That's actually why I REALLY started this thread..... so people could suggest speaker models, approaches, confgurations, etc.

* Tell us what models of dipoles and bipoles you've listened to?
* What did or didn't you like about them?
* How have you placed them?
* How far does everyone sit from them?
* What would you rather own (in a different room or with more funds)?
* What test material do you use?
.......all this sort of stuff.


Jaseman, I've long been interested in the QS8's. How diffuse are they compared to dipoles you may have heard? (I notice they have woofers firing at the floor and the ceiling)

I only have heard two other individual's HT setup. Like them I used to use direct firing monopole speakers for surrounds, side and back. I never heard any bi-pole, di-pole, tri-pole, or quad-pole speakers until I got my QS8's.

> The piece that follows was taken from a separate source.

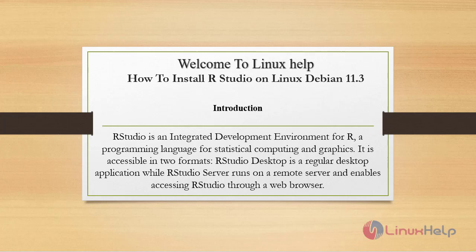Welcome to Linux Help. Today we're going to see how to install RStudio on Linux Debian version 11.3.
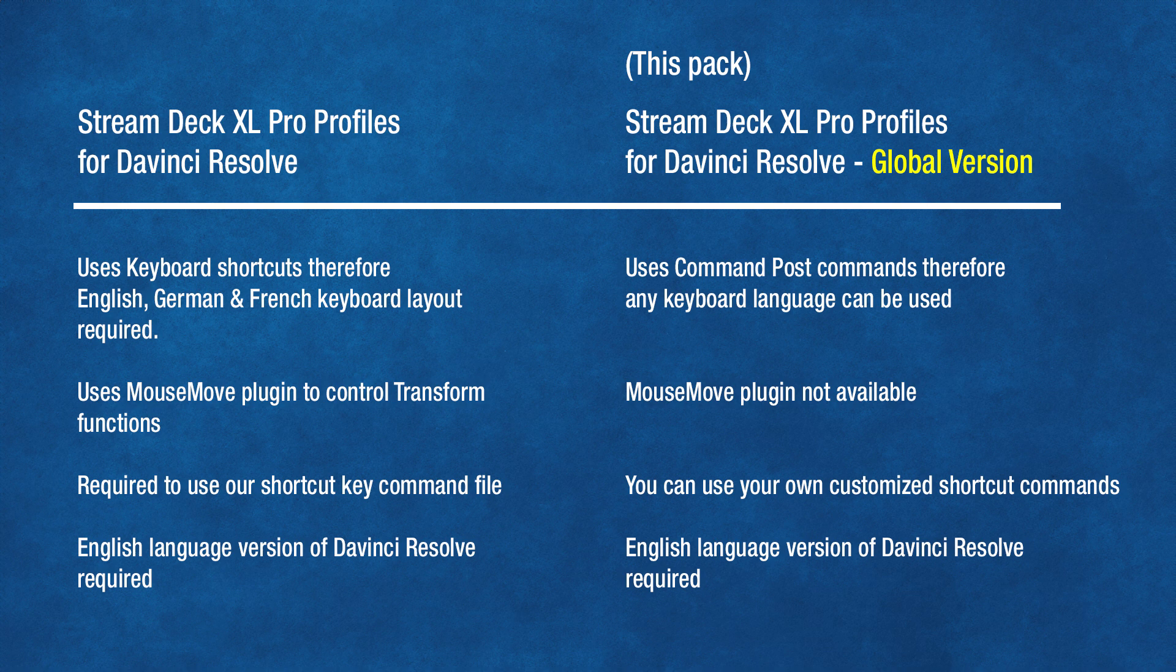Now what does that mean? It means you are not tied to having to use our keyboard shortcut file, so you can continue to use your own modified and customized keyboard shortcut file and this profile will continue to work for you.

I simply do not have the time to audition all these different types of speakers. So, I read as much as I could on the pros and cons of those who are using these types of speakers. Since I was getting my new 7.1 system from Axiom I decided to get what they offered. As for bass response from the QS8's... do not let the specs fool you. These things rock! Highs and lows are clearly heard! Remember, that there really isn't that much low frequency sent to the surrounds anyway. The dual 5.25" woofers are more than adequate for getting down low. They are rated at 65Hz. In my case I went from an 8 Ohm two driver design per box to a 6 Ohm four driver box. The increased power to them along with the quad design makes my old monopoles sound like cheap garbage.

Again because I have never had the opportunity to hear any other di-pole or bi-pole speakers I cannot compare them. I can say though that my wife, who cares little about sound quality has even commented (without any prodding from me) that the new setup sounds really good and clear.

My room is about 20L x 13W x 7H. It's a finished basement with a drop ceiling dedicated to HT. The surrounds are mounted 5.5' high at the top of the speaker. The sides are 12' back from the front wall. The rears are mounted on the back wall 3' in from either side leaving about 7' between them. That gives all the QS8's about 1.5' of space above them to the drop ceiling. Because the rears sit in 3' from the side wall there is about 10' of space between the side surrounds and the rears. Right now my couch sits right against the back wall. I do need to pull it out at least 1.5' to 2'. As of yet I have not done so due to limits in the other furnishings. Sitting on the couch makes the speakers a little too easy to localize but I know it's because the couch needs to be pulled out. But it's still better than with the monopoles. After calibrating with my trusty Radio Shack SPL meter the sound of movies and music is just beautiful.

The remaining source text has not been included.